Marks & Spencer can appreciate the logic. Its chief financial officer said it could no longer have a ship-to-shelf waiting time of up to three weeks. M&S is basing one of its main logistics hubs at Gateway.
"It really is a game-changer for distribution and logistics," Mr Moore added. "The Olympic Games last summer put a greater spotlight on the east of London, which had traditionally been an area of car manufacturing. Gateway is part of that process of transforming a part of London that had been relatively neglected compared with the West." The British government has committed £150 million (Dh841.2m) on road improvements around the Gateway region.
"With that kind of access, we become the nearest deepwater port not just to London, but also to the Midlands, Birmingham and Manchester. We're here to serve the UK, by road, rail - 35 per cent of Gateway's freight will go by rail - and coastal shipping. The UK had a shortage of deep water container capacity, but Gateway fills that gap," said Mr Moore.
The development is being funded partly by DP World and partly by project finance, what Mr Moore calls a "50-50 debt-equity split". The total investment amounts to £1.5 billion.
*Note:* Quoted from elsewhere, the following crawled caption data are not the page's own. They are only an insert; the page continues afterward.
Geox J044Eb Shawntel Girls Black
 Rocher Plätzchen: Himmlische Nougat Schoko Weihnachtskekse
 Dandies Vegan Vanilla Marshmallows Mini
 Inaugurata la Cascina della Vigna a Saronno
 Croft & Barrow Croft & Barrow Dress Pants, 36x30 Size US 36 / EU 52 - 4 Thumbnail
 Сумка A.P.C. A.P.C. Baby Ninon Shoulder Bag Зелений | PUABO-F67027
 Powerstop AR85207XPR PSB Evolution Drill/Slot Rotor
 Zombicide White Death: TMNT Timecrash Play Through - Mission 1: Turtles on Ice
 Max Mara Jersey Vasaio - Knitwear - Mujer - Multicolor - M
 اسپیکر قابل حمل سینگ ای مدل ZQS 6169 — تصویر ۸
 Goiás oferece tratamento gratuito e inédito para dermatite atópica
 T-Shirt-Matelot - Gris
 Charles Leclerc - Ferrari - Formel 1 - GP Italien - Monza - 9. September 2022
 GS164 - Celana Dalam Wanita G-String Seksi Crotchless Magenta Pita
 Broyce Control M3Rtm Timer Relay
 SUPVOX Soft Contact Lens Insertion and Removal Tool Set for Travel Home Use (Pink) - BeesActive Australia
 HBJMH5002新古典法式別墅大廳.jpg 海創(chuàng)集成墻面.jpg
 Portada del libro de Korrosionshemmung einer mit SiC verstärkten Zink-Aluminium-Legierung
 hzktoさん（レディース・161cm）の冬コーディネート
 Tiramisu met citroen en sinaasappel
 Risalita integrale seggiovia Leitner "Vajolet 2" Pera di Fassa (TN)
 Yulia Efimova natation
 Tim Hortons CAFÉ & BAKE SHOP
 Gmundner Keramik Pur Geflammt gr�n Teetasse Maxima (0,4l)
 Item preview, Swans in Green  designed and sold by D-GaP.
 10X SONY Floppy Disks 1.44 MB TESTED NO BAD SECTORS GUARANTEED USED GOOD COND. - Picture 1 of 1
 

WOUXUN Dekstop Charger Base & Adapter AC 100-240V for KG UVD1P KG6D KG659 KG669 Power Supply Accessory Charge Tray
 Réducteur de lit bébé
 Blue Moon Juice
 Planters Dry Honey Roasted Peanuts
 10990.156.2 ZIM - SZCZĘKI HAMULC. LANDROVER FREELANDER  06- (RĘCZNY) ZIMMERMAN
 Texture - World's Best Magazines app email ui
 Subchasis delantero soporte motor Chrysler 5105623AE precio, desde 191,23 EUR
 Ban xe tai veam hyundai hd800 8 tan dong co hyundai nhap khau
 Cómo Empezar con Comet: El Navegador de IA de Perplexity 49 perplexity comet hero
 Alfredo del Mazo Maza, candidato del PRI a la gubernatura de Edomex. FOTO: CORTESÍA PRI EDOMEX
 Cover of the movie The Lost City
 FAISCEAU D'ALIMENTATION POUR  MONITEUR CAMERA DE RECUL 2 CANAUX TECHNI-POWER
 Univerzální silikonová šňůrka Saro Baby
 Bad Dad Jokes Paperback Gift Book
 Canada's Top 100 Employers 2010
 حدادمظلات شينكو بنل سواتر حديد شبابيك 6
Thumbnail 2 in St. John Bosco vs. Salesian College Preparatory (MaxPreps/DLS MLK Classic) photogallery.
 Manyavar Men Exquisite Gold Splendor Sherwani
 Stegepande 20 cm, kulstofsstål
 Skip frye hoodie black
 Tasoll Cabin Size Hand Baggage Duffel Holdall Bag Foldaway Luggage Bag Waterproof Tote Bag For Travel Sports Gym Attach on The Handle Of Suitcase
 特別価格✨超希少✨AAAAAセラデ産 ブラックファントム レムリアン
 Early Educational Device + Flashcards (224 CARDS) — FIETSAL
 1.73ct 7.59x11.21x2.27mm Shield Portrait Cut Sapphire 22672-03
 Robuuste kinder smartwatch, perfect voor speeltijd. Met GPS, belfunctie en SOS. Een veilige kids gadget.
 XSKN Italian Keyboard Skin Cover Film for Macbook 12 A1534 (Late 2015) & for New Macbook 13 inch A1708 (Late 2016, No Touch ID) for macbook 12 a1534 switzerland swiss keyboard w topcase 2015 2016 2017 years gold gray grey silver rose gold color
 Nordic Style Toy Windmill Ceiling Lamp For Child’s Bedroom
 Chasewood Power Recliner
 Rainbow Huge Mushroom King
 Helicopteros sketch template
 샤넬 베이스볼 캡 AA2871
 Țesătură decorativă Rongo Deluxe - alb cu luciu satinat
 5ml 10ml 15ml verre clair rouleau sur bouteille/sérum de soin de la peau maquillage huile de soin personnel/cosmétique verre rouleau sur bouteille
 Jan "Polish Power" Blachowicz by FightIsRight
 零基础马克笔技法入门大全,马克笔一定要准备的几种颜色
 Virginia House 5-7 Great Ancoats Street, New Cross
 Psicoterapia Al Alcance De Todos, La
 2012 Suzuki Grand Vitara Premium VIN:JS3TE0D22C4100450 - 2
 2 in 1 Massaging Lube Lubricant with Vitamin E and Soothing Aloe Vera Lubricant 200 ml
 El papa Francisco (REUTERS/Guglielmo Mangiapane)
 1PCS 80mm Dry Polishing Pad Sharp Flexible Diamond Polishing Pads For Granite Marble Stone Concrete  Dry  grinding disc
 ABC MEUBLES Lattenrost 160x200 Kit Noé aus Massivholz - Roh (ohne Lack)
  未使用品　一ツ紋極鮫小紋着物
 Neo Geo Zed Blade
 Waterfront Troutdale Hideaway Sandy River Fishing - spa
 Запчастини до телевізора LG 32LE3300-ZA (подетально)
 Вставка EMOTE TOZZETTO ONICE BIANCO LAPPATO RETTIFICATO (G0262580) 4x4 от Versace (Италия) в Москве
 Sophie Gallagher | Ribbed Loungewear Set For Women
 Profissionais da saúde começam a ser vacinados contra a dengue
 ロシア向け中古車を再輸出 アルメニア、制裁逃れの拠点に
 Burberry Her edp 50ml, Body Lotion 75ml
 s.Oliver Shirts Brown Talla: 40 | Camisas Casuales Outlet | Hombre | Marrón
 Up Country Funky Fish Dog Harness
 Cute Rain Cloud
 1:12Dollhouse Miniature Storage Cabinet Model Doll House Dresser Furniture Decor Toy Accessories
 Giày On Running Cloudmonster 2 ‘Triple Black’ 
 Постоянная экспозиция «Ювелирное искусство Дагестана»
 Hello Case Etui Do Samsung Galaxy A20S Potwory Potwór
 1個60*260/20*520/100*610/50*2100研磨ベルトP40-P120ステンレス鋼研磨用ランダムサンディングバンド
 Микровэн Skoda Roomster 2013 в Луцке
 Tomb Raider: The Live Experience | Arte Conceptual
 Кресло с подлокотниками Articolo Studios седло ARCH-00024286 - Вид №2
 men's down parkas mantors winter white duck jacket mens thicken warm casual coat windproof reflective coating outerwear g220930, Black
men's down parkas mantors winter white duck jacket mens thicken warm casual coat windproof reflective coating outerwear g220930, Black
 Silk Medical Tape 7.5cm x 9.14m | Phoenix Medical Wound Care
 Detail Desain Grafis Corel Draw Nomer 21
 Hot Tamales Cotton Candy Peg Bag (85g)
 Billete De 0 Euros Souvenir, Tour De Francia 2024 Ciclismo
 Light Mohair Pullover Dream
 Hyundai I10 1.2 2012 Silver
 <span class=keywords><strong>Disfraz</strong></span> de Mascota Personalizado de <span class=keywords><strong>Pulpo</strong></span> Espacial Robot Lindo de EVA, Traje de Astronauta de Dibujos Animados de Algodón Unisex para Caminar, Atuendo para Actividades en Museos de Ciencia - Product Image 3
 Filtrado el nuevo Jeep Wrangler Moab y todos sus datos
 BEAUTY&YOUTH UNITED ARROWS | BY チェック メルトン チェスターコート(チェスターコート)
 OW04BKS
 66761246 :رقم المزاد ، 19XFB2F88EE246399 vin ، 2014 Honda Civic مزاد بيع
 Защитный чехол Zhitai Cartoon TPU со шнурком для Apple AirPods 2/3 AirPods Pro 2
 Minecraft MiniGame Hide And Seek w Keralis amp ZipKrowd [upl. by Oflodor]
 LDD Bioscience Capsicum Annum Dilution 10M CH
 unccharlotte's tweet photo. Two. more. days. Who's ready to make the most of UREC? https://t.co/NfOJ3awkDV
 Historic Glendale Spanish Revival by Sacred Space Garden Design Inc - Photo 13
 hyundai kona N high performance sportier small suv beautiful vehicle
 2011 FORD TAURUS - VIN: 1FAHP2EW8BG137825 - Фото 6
He admits there was some uncertainty in 2009-10, when Dubai was suffering the effects of the global financial crisis, and especially Dubai World, DP World's owner. "There was a bit of a cloud over timing back then, but never any doubt about the central proposition."
Since then, Dubai's economic recovery has coincided with two trends that reinforced the business argument for Gateway, Mr Moore believes. "The ships have got much bigger and that has put pressure on port facilities around the world. But second, the end-user market has changed. In the UK high street trade has suffered and businesses there are looking to be more competitive, which means controlling costs more efficiently.
"Fuel and transport costs are among the biggest items, and our location will help reduce them dramatically. We're bringing ships closer to the market, and overall that's good for the UK economy."
For Dubai, Gateway will be generating revenue from the fourth quarter of the year.
There has been speculation that Gateway could be among a list of assets Dubai World might consider selling to meet debt repayments in two years. "That would be a question for the owner, not for me," said Mr Moore.